Keep tabs on pay structure to avoid compression
An online retailer, let’s call it “Behemoth,” announced it was raising its minimum wage to $15 per hour. Cheers went up in warehouses across the nation, until some longtime Behemoth workers, who had climbed the pay scale from $8 to $15 per hour through years of hard work and loyalty to the company, realized their inexperienced co-workers would now be making as much as they were. Behemoth quickly determined that raises were also in order for established employees, to reward their seniority and loyalty, and keep them from jumping ship and taking their knowledge with them.
In other words, Behemoth had to remedy a case of pay compression.
Pay compression occurs when new hires are paid the same or more than current workers in the same position, or when the pay difference between job levels shrinks so much that higher-level workers no longer see their pay advantage as meaningful.
While the story above is a fictionalized simplification of events surrounding the pay structure of an actual retailer, its purpose is to explain why establishing and maintaining your organization’s pay structure is important.
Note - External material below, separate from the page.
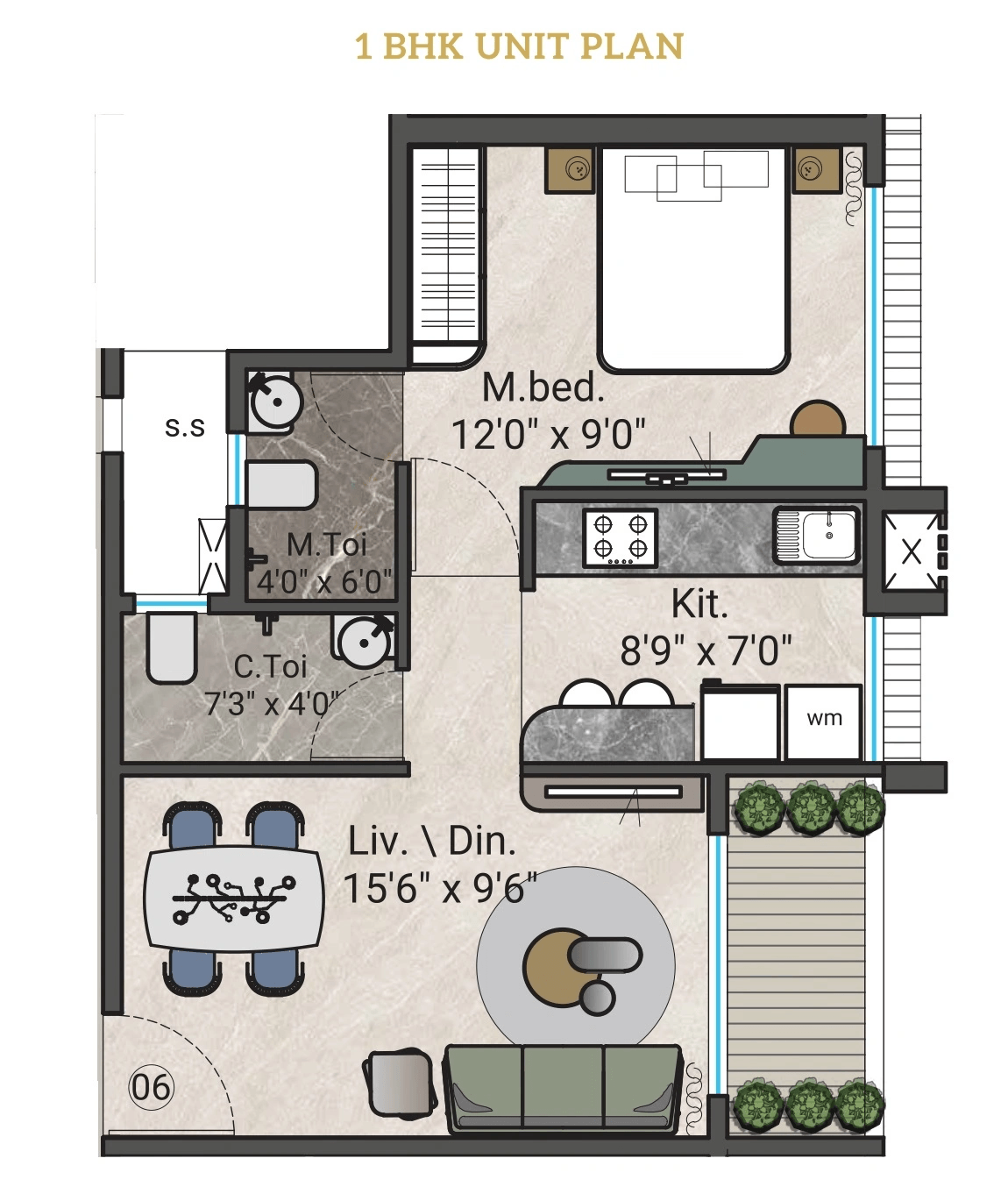 Siddhivinayak Signature City Unit plan - 516 sq.ft.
In today’s tight job market, you may be tempted to up your salary offers to get new talent on board, only to realize later you’ve caused friction between new hires and experienced workers by compressing pay levels.
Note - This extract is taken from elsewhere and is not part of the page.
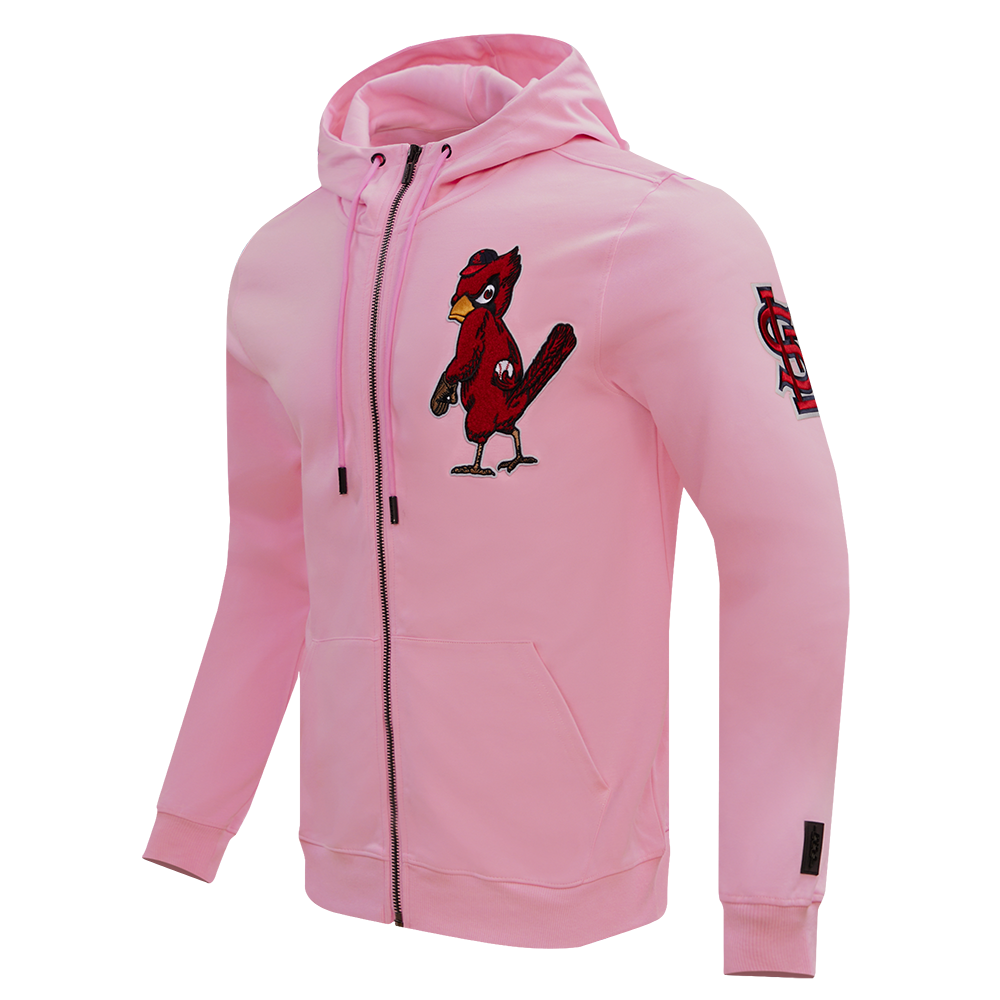 MLB ST. LOUIS CARDINALS CLASSIC CHENILLE MEN'S FULL ZIP PULLOVER HOODIE (PINK)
Evaluate jobs to establish internal pay equity
To prevent pay compression, employers should establish internal pay equity. This means paying employees in proportion to the relative value of their job. The aim is to place the same value on jobs that are similar in type, difficulty, responsibility, and qualifications.
To create pay equity, you must determine the value of a job as it relates to similar jobs within the organization. In the story of Behemoth, if workers with years on the job and greater responsibilities were making $15 an hour, bringing in new hires at $15 would not be seen as “equitable” by those more experienced workers.
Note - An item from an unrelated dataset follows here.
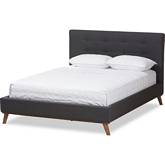 Valencia King Platform Bed in Tufted Dark Gray Fabric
It helps to create job families, which are positions that are essentially the same, regardless of the department in which they are located. This makes more sense than organizing jobs by department, since departments are made up of multiple positions that do different tasks.
Once job families are established, factors such as skill, effort, responsibility, and working conditions can be considered in order to determine compensation.
Judy Kneiszel is an associate editor with J. J. Keller & Associates. Kneiszel specializes in business topics such as recruiting and hiring, onboarding and training, team building, employee retention, and labor relations. She is the editor of J. J. Keller’s SUPER adVISOR newsletter and Essentials of Employee Relations manual.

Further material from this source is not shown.